* [Your goal] Each line below is to be repeated exactly; any picture is to be left out.

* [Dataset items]
··········
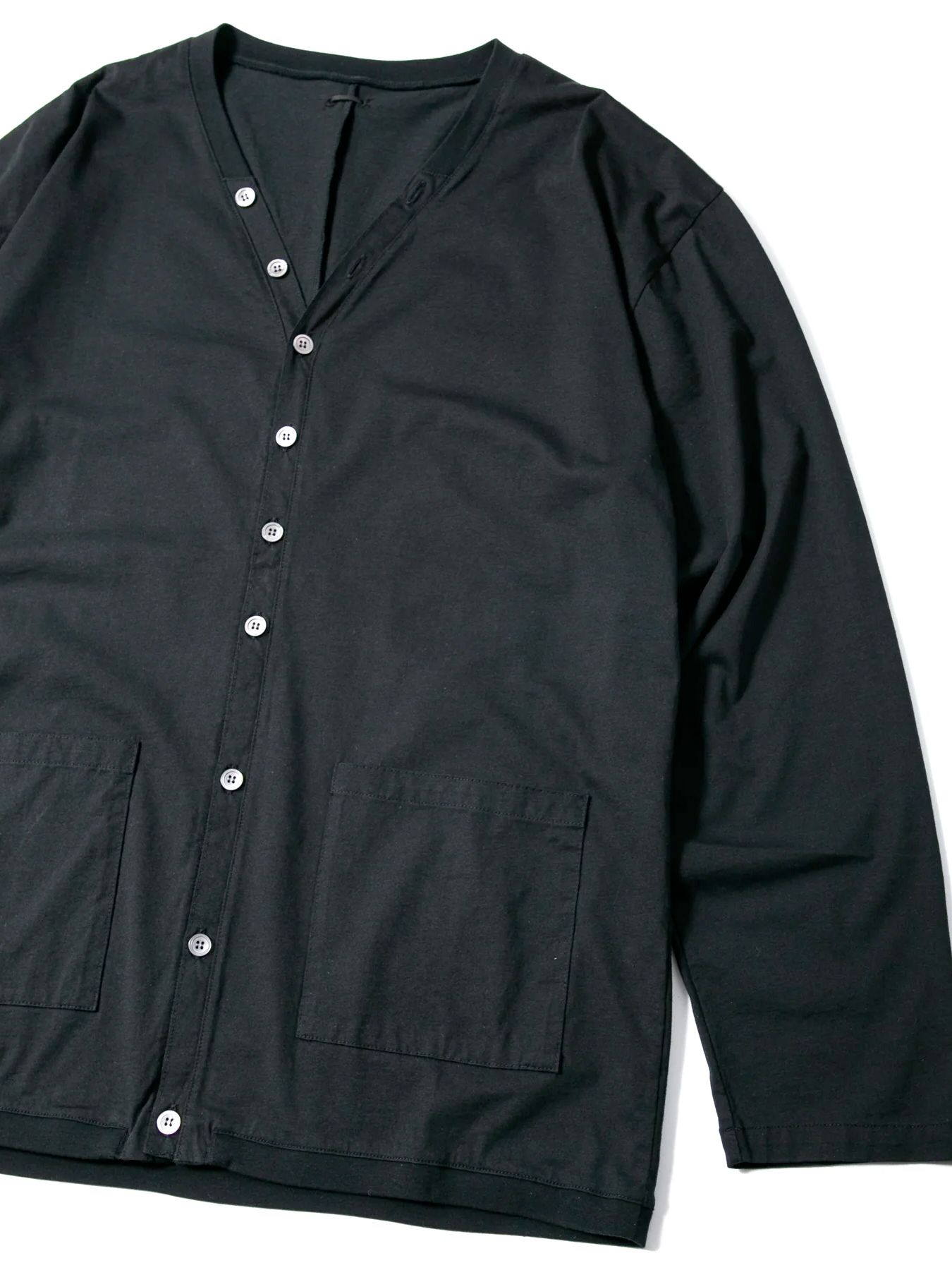 72/T Organic Cotton High Twisted Single Jersey Cardigan / 72/T オーガニックコットン 強撚 天竺 カーディガン / ブラック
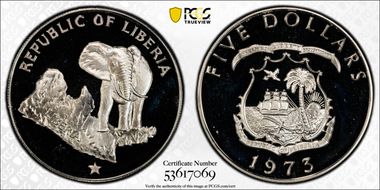 1973 $5 Elephant PR68DCAM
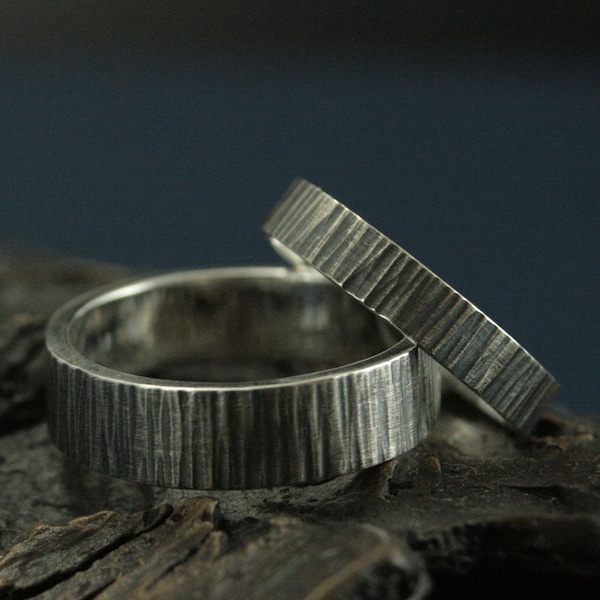Rustic Wedding Band Set - Bark Wedding Rings - Wood Textured Rings - Silver Wedding Band Set - Bark Textured Bands - Rustic Wedding Ring Set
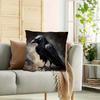 1 Piece 18x18 Inch Super Soft Short Plush Pillowcase - Black Crow Oil Painting Print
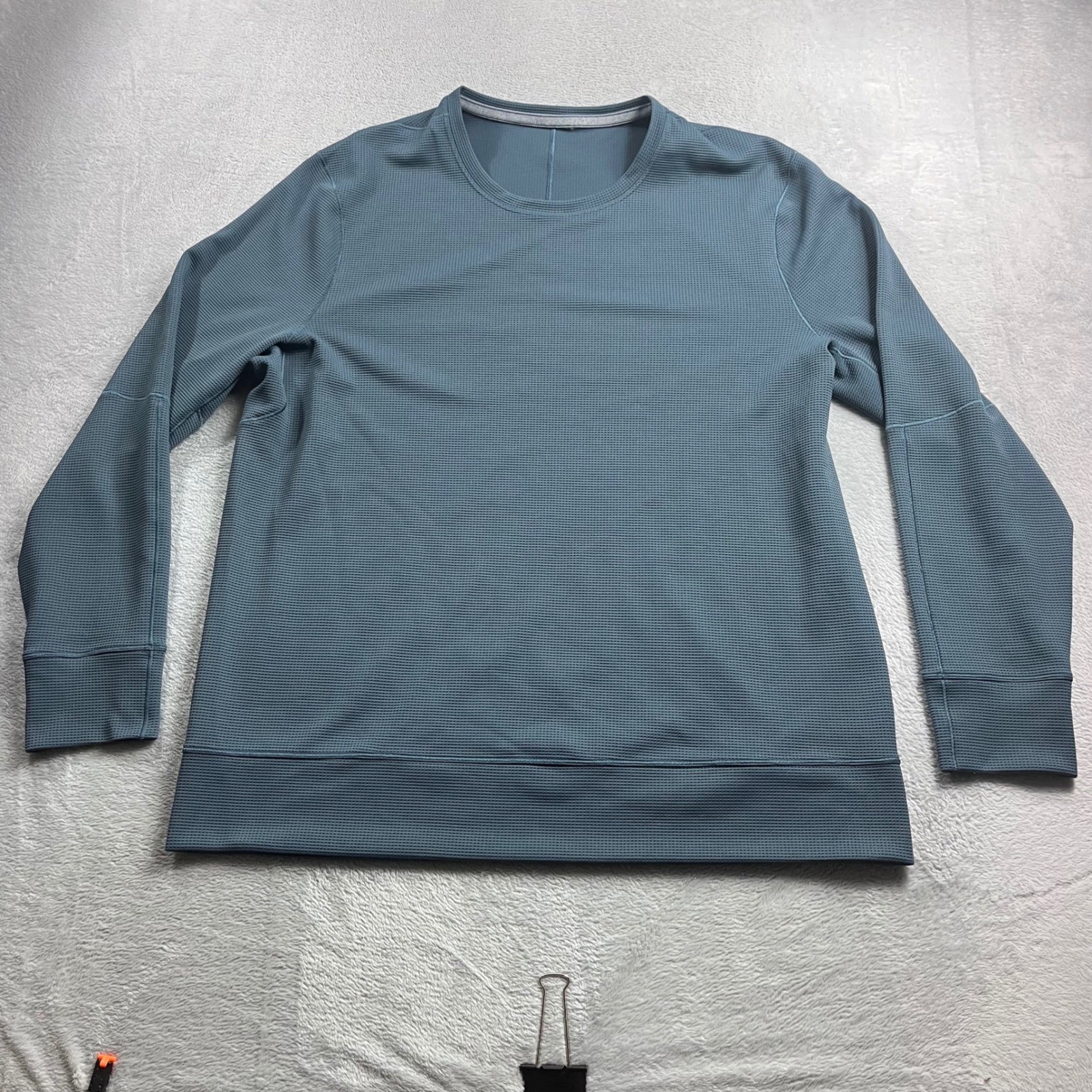 Lululemon Shift Stitch Crew Mens L Teal Blue Waffle Knit long Sleeve Pullover gallery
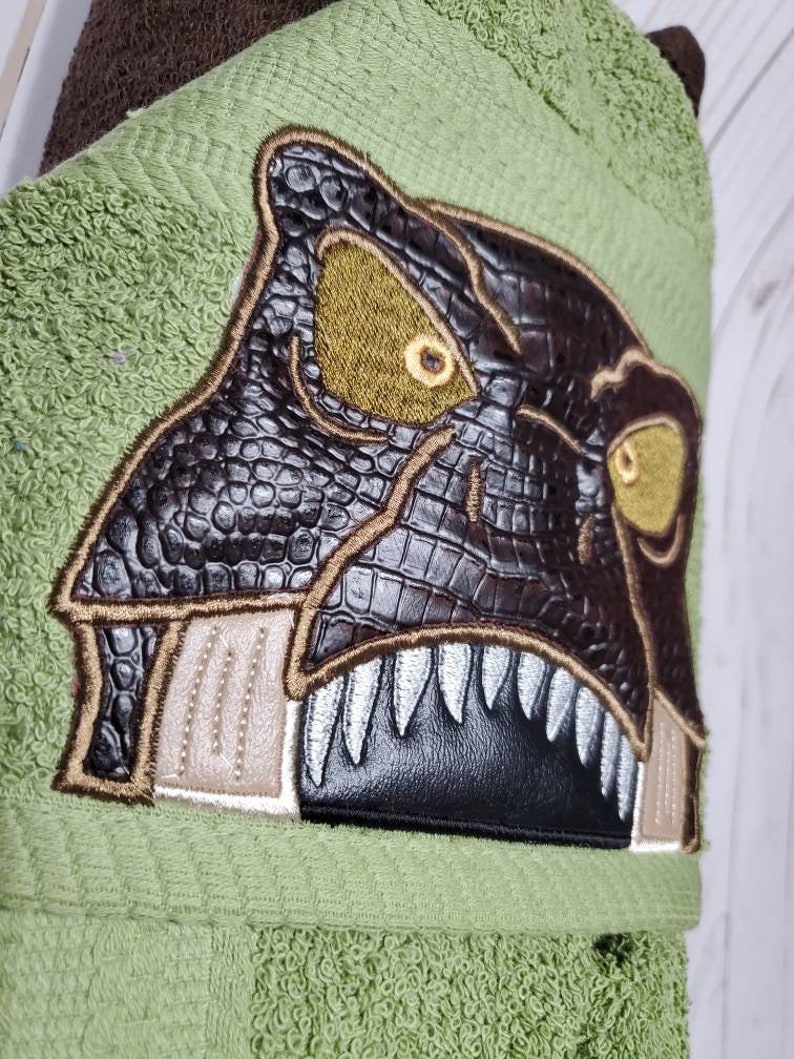 Personalized T-Rex Hooded Towel Peeker. Machine Embroidered dinosaur image 2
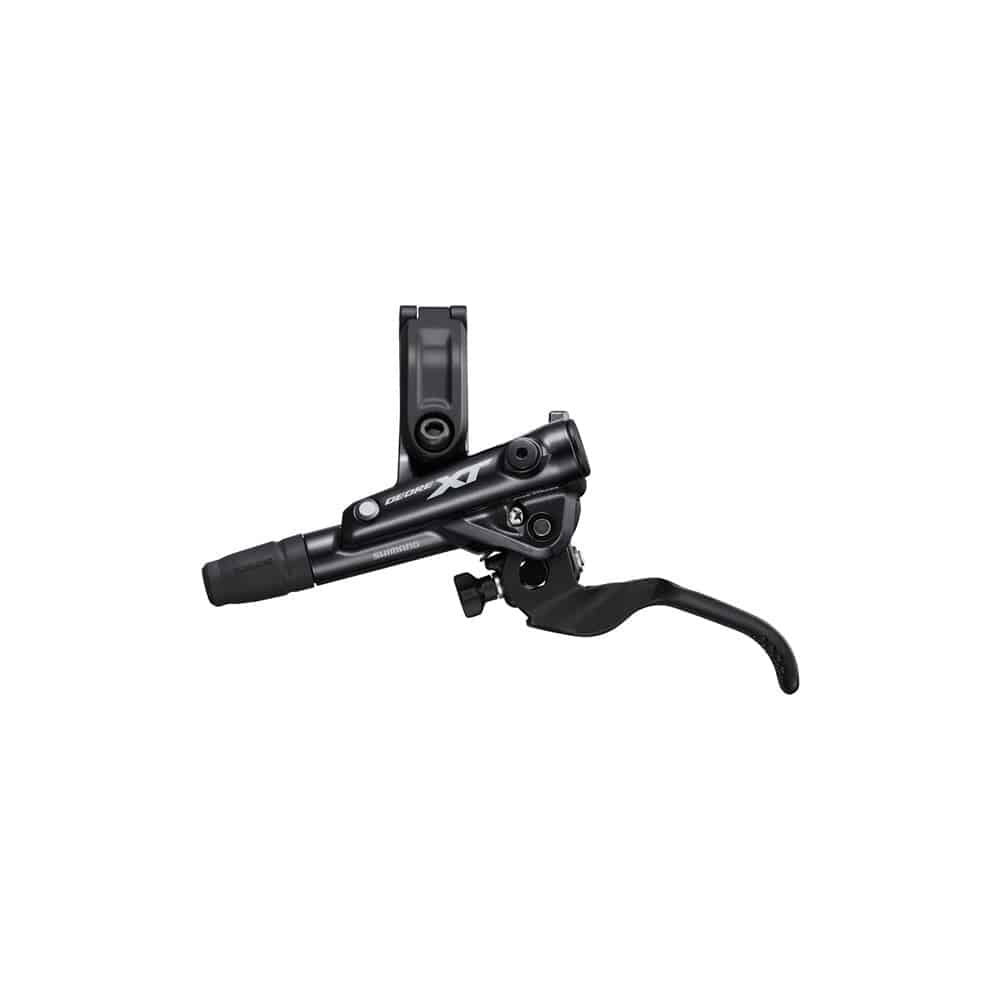 Shimano Deore XT BL-M8100 hydraulic disc brake lever set for mountain biking, showing close-up of brake levers on the component.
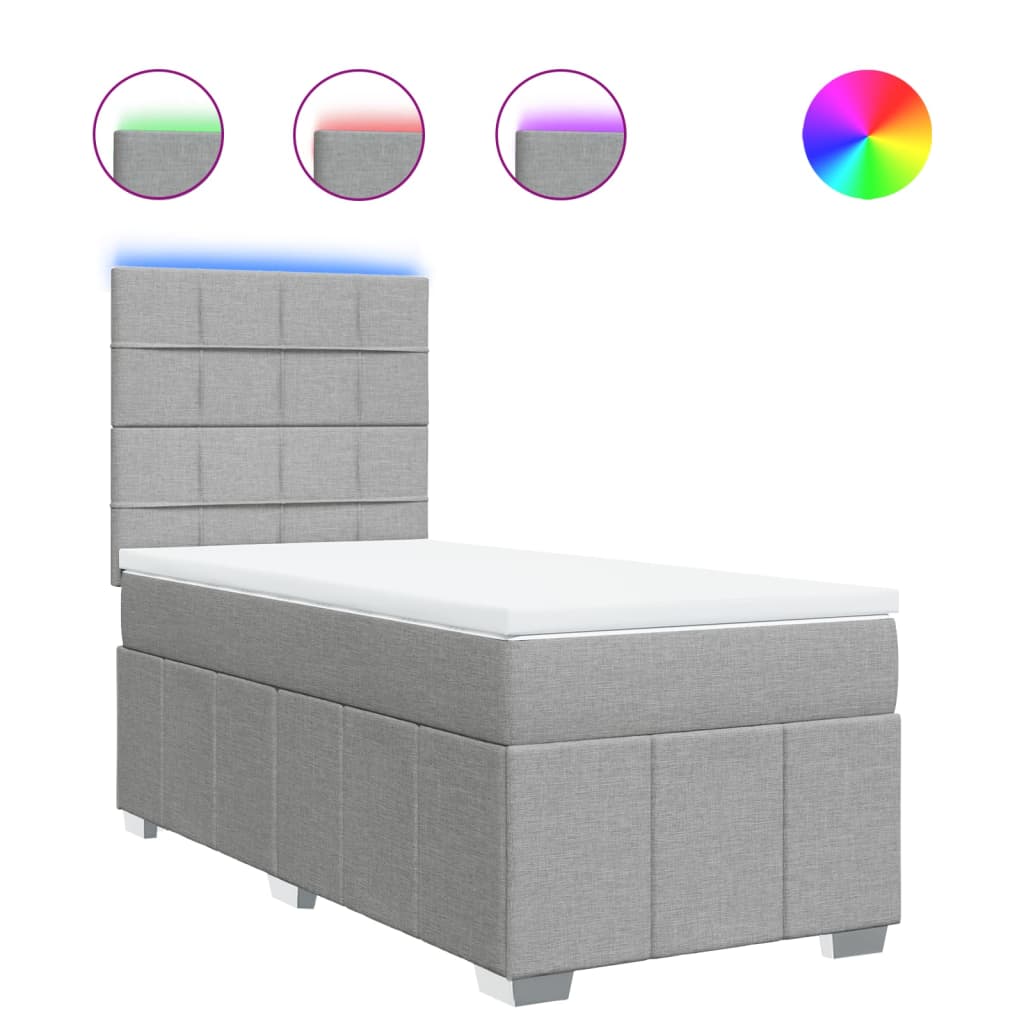 Boxspring met matras stof lichtgrijs 90x190 cm is nu te koop bij PeponiXL, paradijselijk wonen!
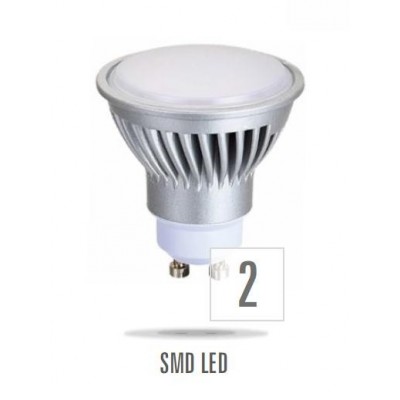 LED GU10 230V 6W SMD 5630 15LED studená bílá  mléčná     stříbrná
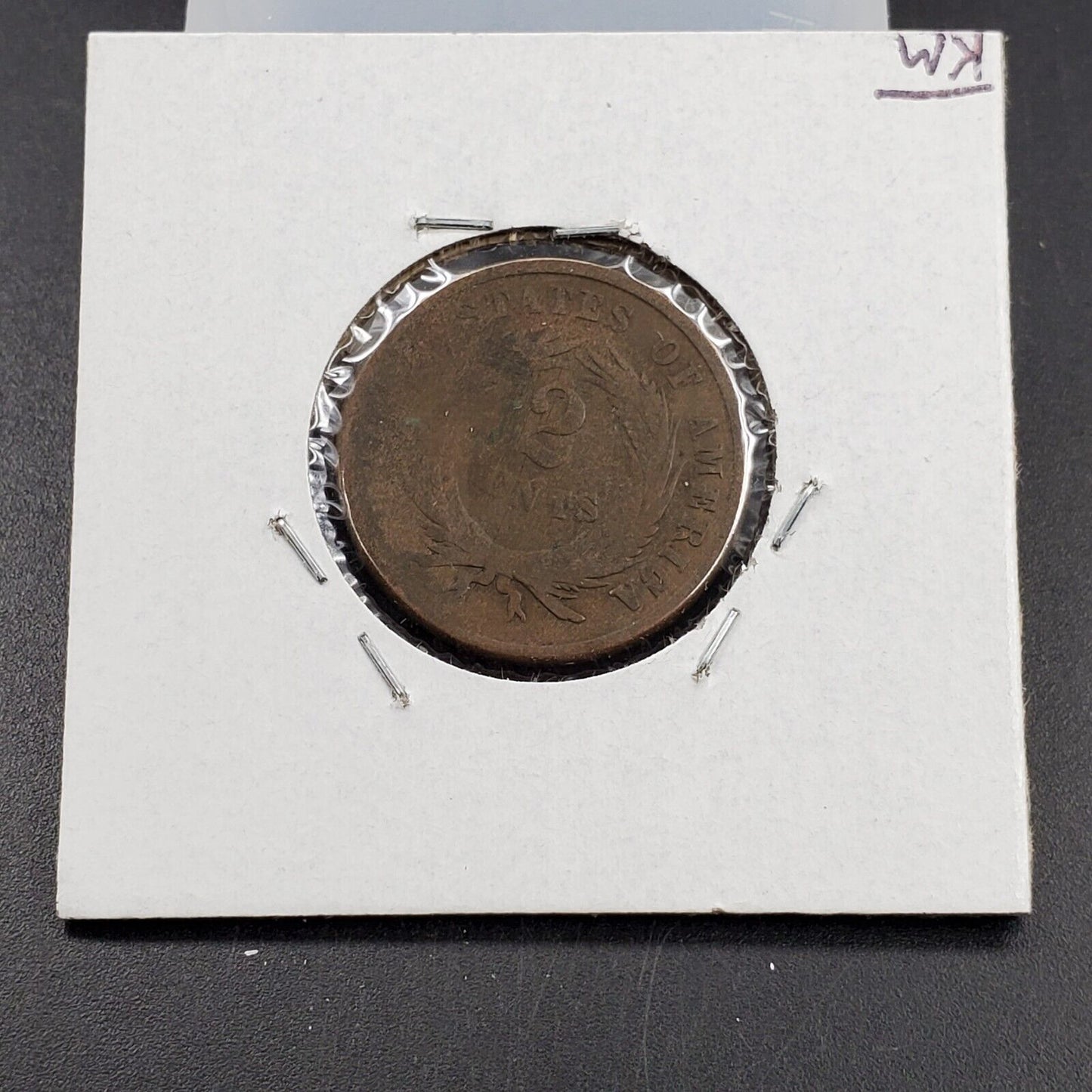 1864 2C Two Cent Copper Coin 180° Rotated Reverse Error Coin Large Motto AG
··········
* [Solution to this problem]
 72/T Organic Cotton High Twisted Single Jersey Cardigan / 72/T オーガニックコットン 強撚 天竺 カーディガン / ブラック
 1973 $5 Elephant PR68DCAM
Rustic Wedding Band Set - Bark Wedding Rings - Wood Textured Rings - Silver Wedding Band Set - Bark Textured Bands - Rustic Wedding Ring Set
 1 Piece 18x18 Inch Super Soft Short Plush Pillowcase - Black Crow Oil Painting Print
 Lululemon Shift Stitch Crew Mens L Teal Blue Waffle Knit long Sleeve Pullover gallery
 Personalized T-Rex Hooded Towel Peeker. Machine Embroidered dinosaur image 2
 Shimano Deore XT BL-M8100 hydraulic disc brake lever set for mountain biking, showing close-up of brake levers on the component.
 Boxspring met matras stof lichtgrijs 90x190 cm is nu te koop bij PeponiXL, paradijselijk wonen!
 LED GU10 230V 6W SMD 5630 15LED studená bílá  mléčná     stříbrná
 1864 2C Two Cent Copper Coin 180° Rotated Reverse Error Coin Large Motto AG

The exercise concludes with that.